I've written a lot on social media about the loss of my husband, but I still haven't actually published a post about it. The reality is that I've only encountered one other instance in my life where everything was obliterated right to the ground, and that was nothing compared to this.
Most people who lose a spouse lose their partner at home. If they're lucky, they lose their love and best friend as well. But we were tied together so inextricably, two flesh that became one -- moving in the world, at home, in business, and onstage together in time. Until time ultimately severed us. For only time could.

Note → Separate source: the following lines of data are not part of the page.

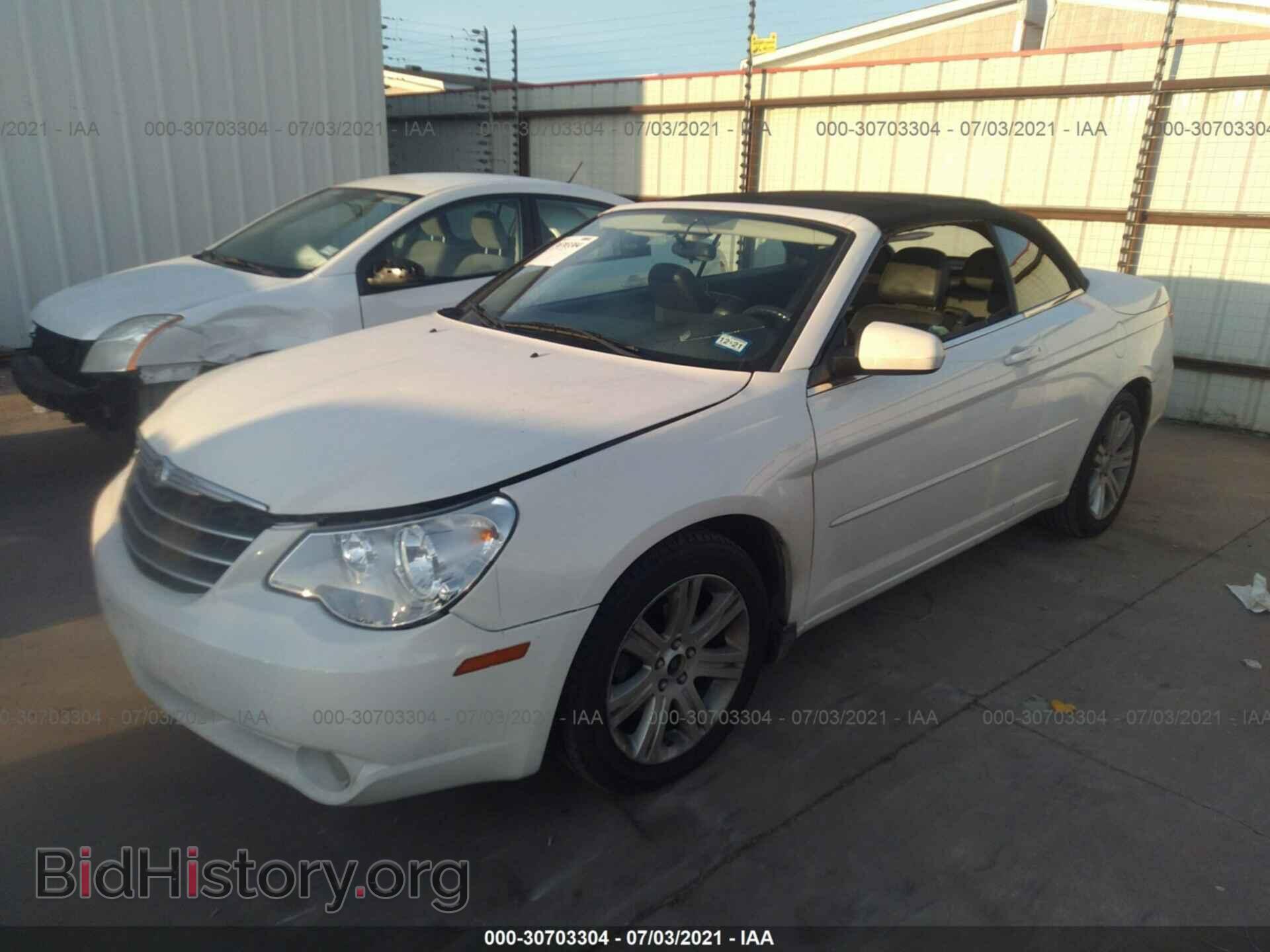 2010 CHRYSLER SEBRING - VIN: 1C3BC5EDXAN153437 - Фото 2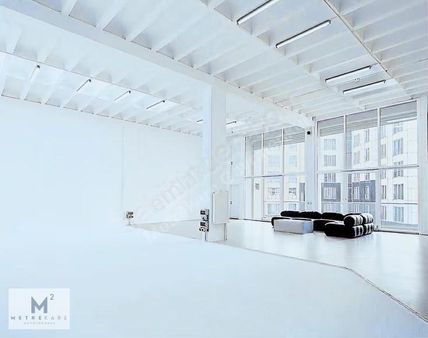 Maslak Rentaş İş Merkezi Devren Kiralık 300 M2 Fotoğraf Stüdyosu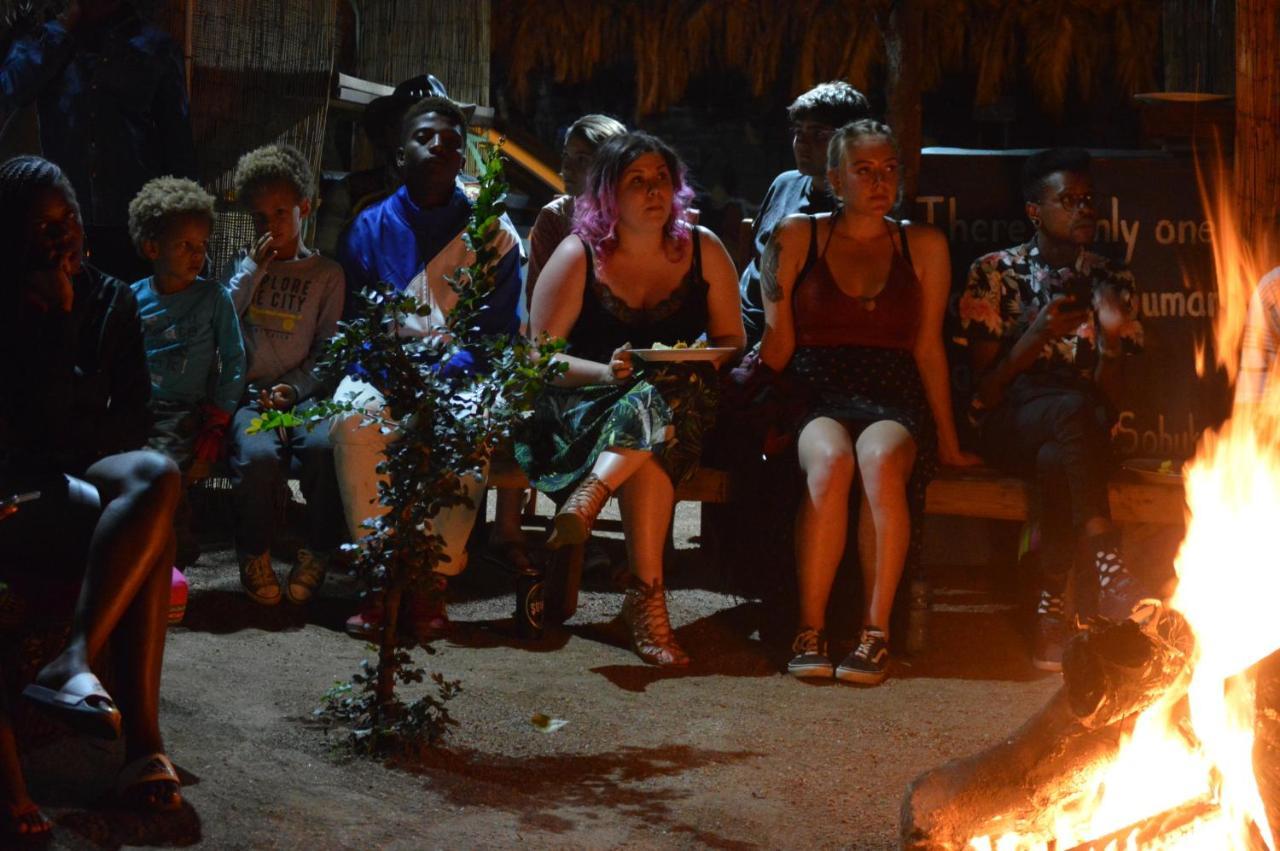 A Pousada Lebo'S Soweto Backpackers Exterior foto
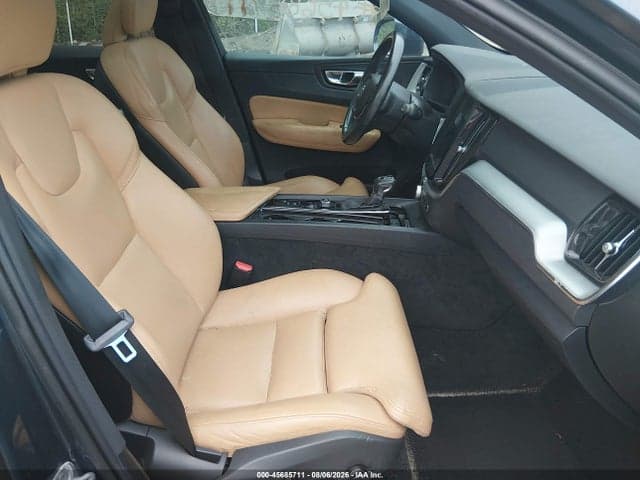 2019 VOLVO XC60 T5 MOMENTUM 5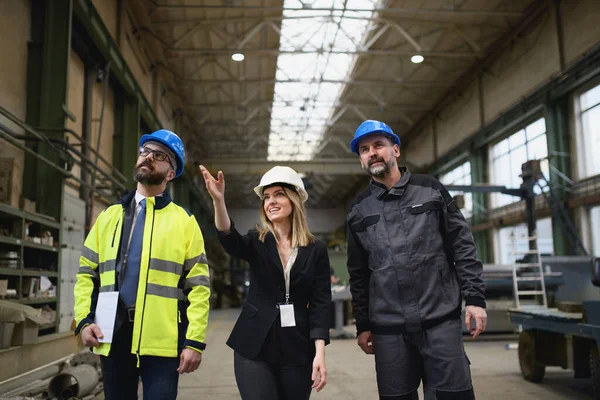 Responsabili Operai Industriali Uniforme Che Camminano Nel Grande Capannone Della — Foto Stock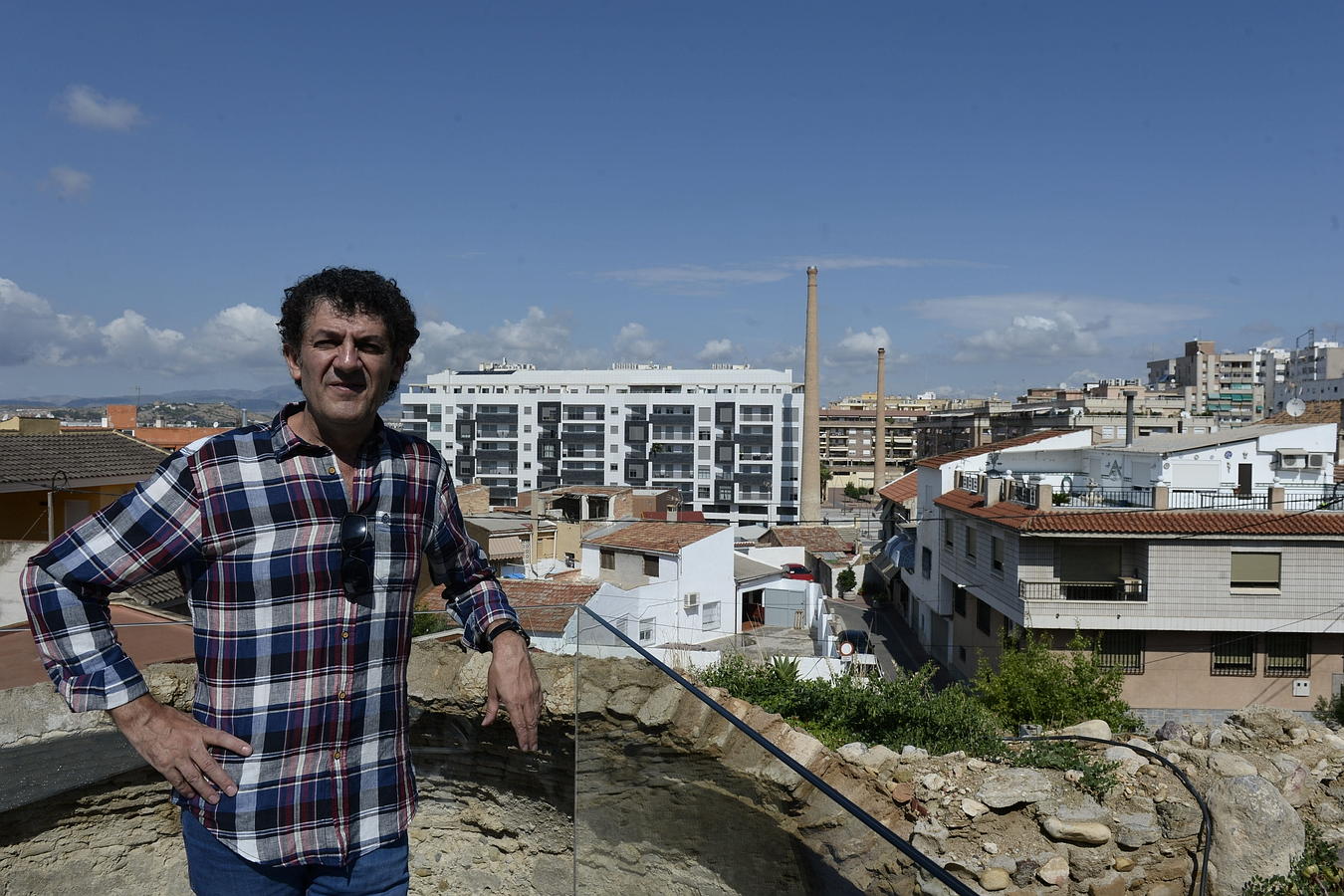 Molina de leyenda. El escritor Paco López Mengual en La Maita, junto a un antiguo silo de grano que hay al lado de la base de la torre del Castillo
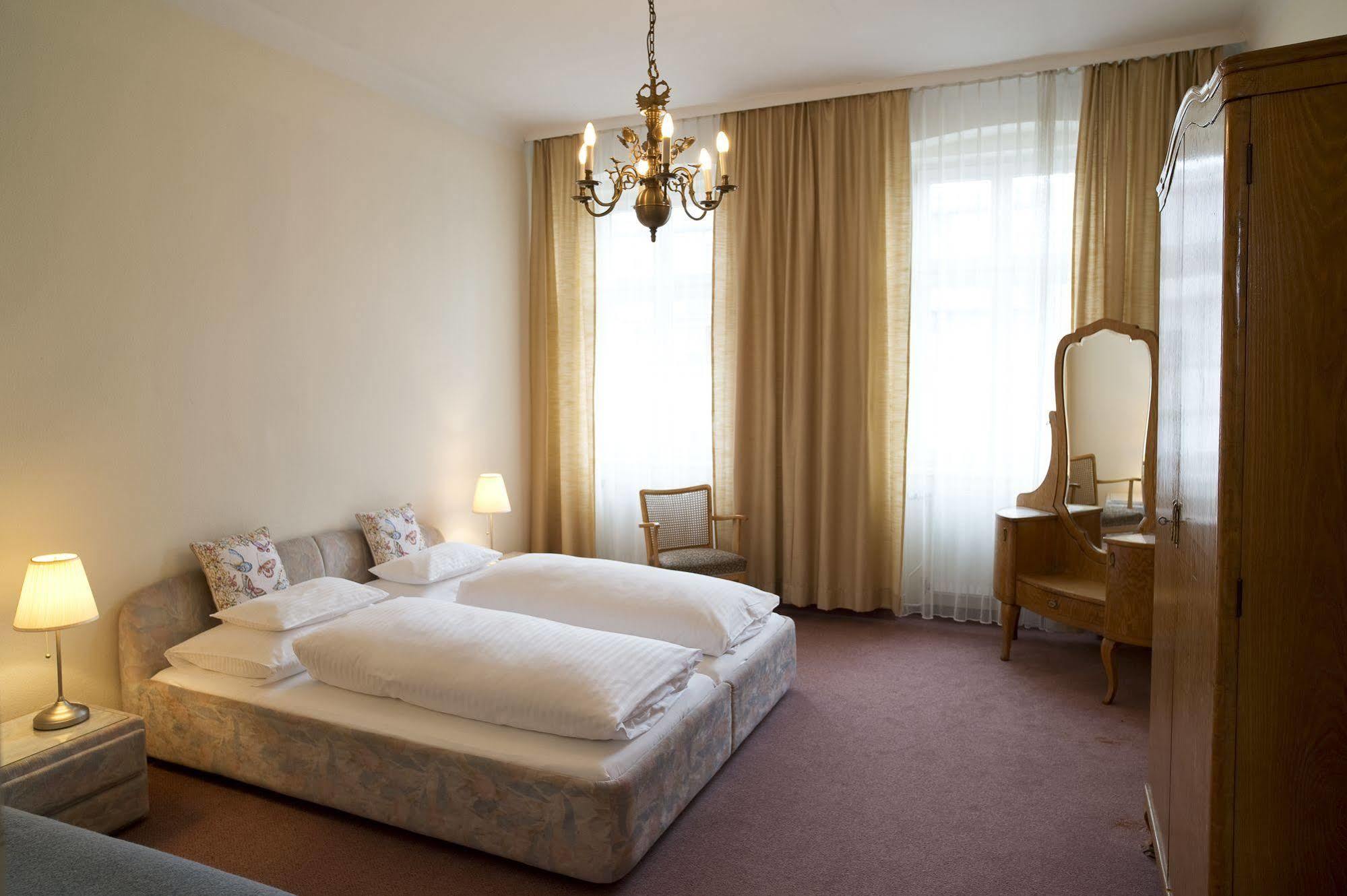 Hotel Schwalbe Wenen Buitenkant foto
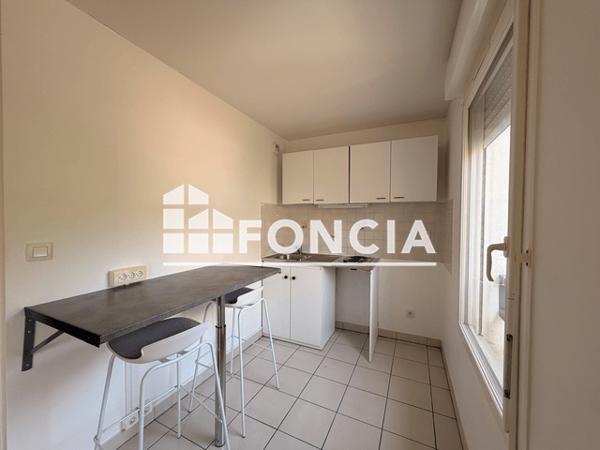 Location Studio 27.86 m² - 1-3-5 AVENUE DE L'EUROPE Le Coudray 28630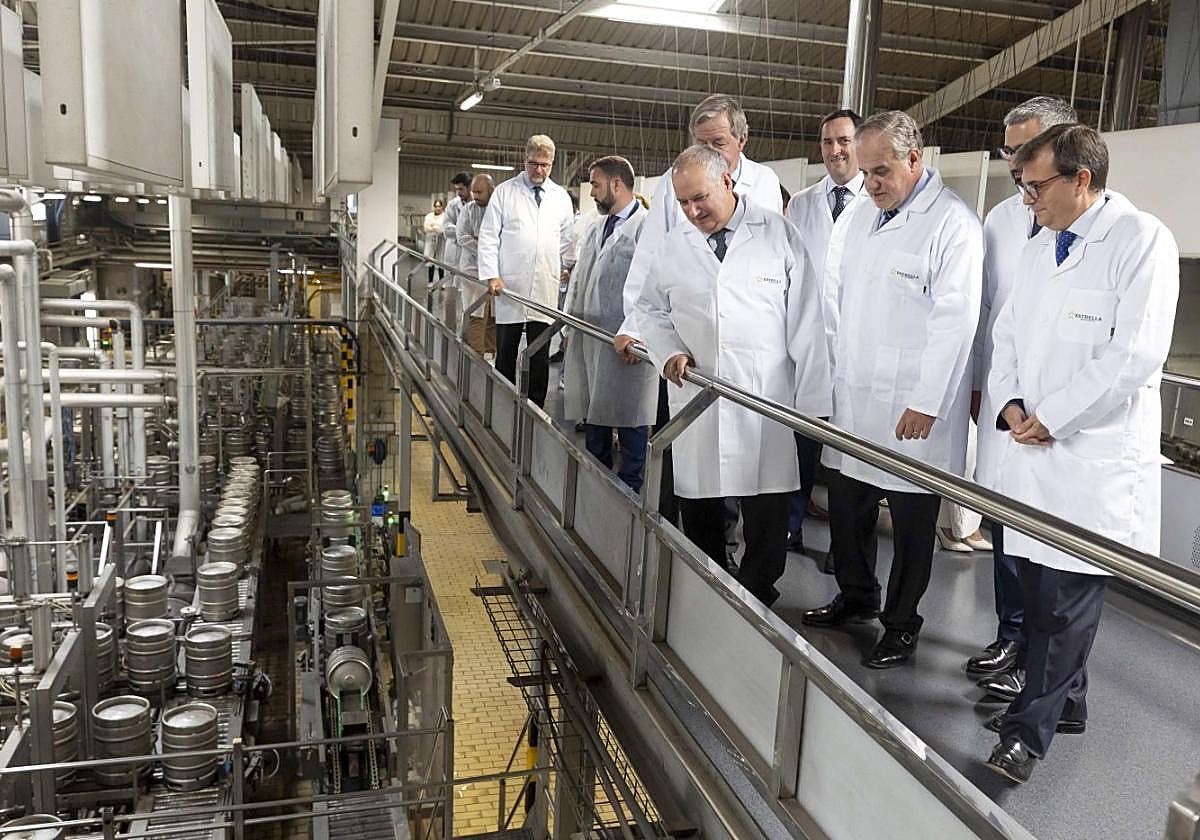 El ministro de Industria (c), durante su visita a la fábrica de Estrella de Levante, este viernes, en Murcia.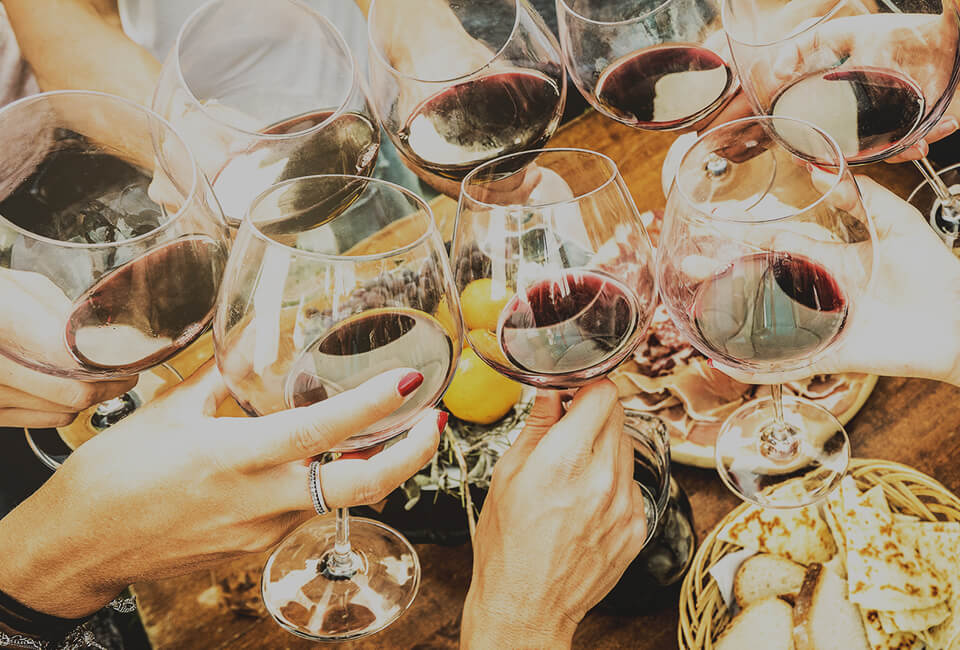 Weinverkostung im Weingut Via Vinera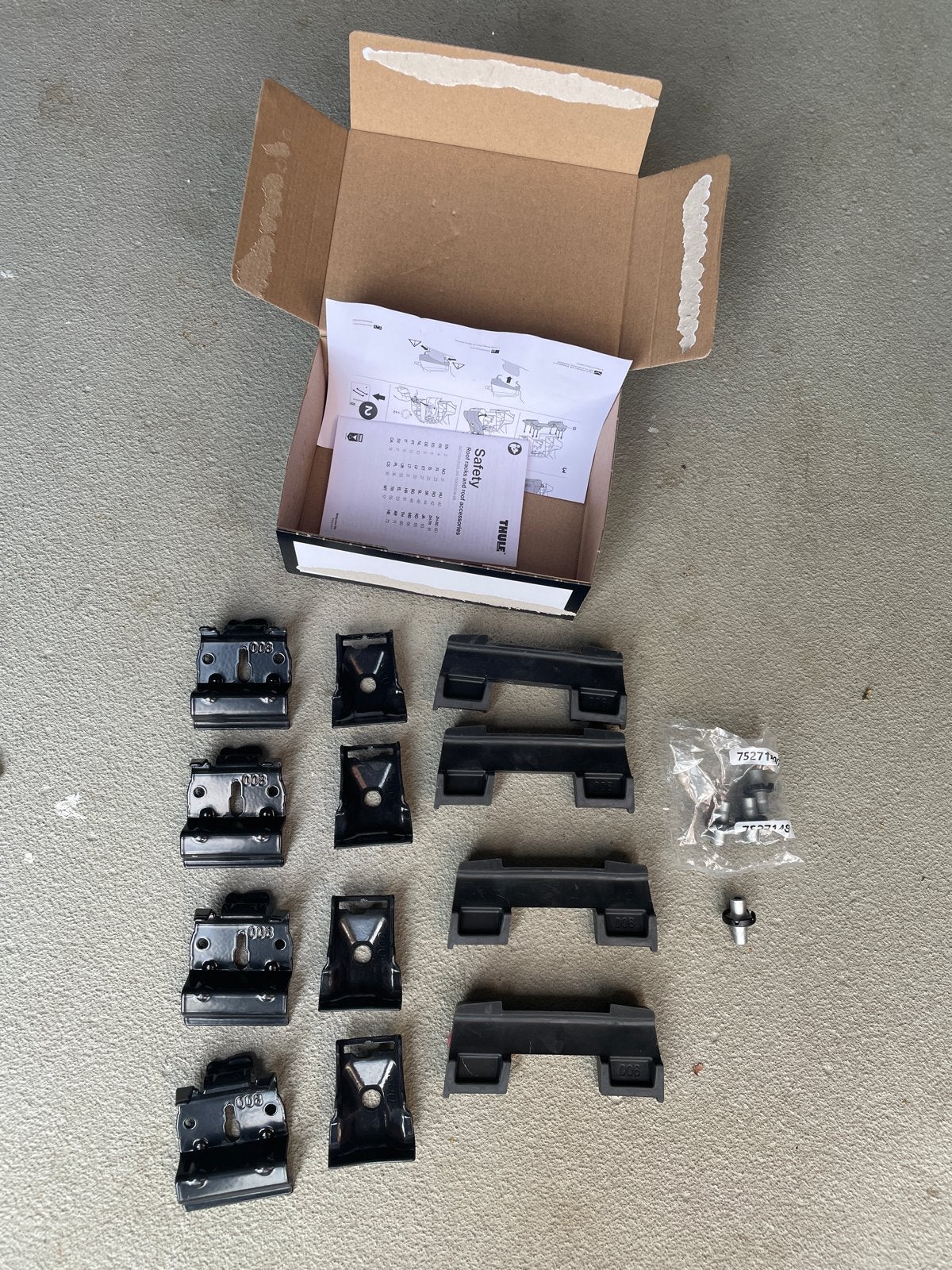 Thule Kit 186007 voor WingBar Edge, Auto diversen, Dakdragers, Ophalen, Zo goed als nieuw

I won't stand before you and tell you our love was perfect. It was broken, shattered, battered, and bruised, just like the two of us. But our marriage made space for all of us, even the ugly parts. It wasn't just that our good parts fit together, but that our bad parts fit together too -- that they forced us each to confront our weaknesses and grow. We made space for each other to do that. We loved each other through that. It isn't even our romantic love I miss the most; it's how we took care of, and even reparented each other. He raised me into the woman I am. And then I comforted, nursed, and sang him home.
They always said grief comes in waves, and they weren't lying. It sounds like one of those euphemisms that doesn't mean anything, but it turns out that tsunamis really do knock you down out of nowhere. And then they pass.
Sometimes, just thinking about the amount of time that has passed since I felt his heart beat under my hand makes me shrivel up inside. I wake up to thoughts that haunt me. My love turned cold, literally. But it's music that hits me the most.
Sometimes I can almost hear his guitar in the background, and when I can't make mine sound the same, I get so frustrated. I miss the way he played while I cooked dinner every night, giving me a chance daily to dance to my favorite music at my favorite person's hands.

But it's remembering how he carried me while we performed that tends to bring on the tsunami. Feeling his eyes on me, hearing his guitar riffing but waiting, at the ready to catch me whenever I stepped up to the mic. There's an intimacy in moving together on stage that cannot be matched or mirrored. It's a tangible energy you feel and create together. Palpable love. That's what someone from the audience called it once. It was going to be the name of our first album. I started working on the cover art just weeks before he died.
I've had a lot of thoughts about death and sickness since his passing, but they are mostly things I'd already been grappling with for years. Since holding Grandma's hand on her deathbed. Since learning to play guitar while Grandpa was fading from Lewey Body Dementia. Since sitting at my father-in-law's bedside while he danced right to the edge of death only to come back after a double organ transplant.
"Death can be fertile ground." I wrote last year, just weeks before he died.
I was speaking of my own father. I was speaking of his mother. I did not realize I was speaking about my husband.
Death doesn't feel like fertility. Ends never do. They feel like fire and anguish, like destruction and desolation.
But always, there in the rubble, there in the ash, there in the mountains of chaos to sort through, something always bubbles up, and here in the depths of my widow's grief... it bubbles up higher.
What is this energy that flows from death, that fuels mycellial explosion in nature? And what is it that moves inside of us in the same ways?
I struggle to envision a life without him even as I live and create it. Our travels. Our websites. Our consulting. Our art. Our music. These things all seem to have died with him.
And yet, surely, they have not.
I carry the memories we created. I carry the things he taught me. And I carry the dreams we were building. Yes, they must inevitably change. They have become MY dream now, and I will certainly end up doing things differently on my own than I would have done them with him by my side. But he lives in those of our dreams I continue to build, and I know I honor him by being true to the growth he helped me achieve in our time together.
I may not be able to feel him or see him, but I know he's still right there, just out of reach. And I am dedicated to getting to the point where I can continue bringing our dreams to life. This post is a step in that path.
If you are interested in following my artistic journey more closely, check out my Patreon. I'll be posting in-progress music and throwback recordings of performances soon. There's also currently a link there to join a facebook group for beta readers for my poetry.
A little life update: It's been 5 months since the New Year rang me in a widow. Most days, I'm doing pretty well. I got a job I enjoy with people I like to distract me from thinking so much until I feel ready to pursue our dreams more fully again. I've been staying with my father-in-law, and we've been taking care of each other. He gives me a reason to cook and someone to care for, and I do my best to keep things happy and worth waking up for. It's been a great fit, and something we both have been grateful to have as we process things and move forward.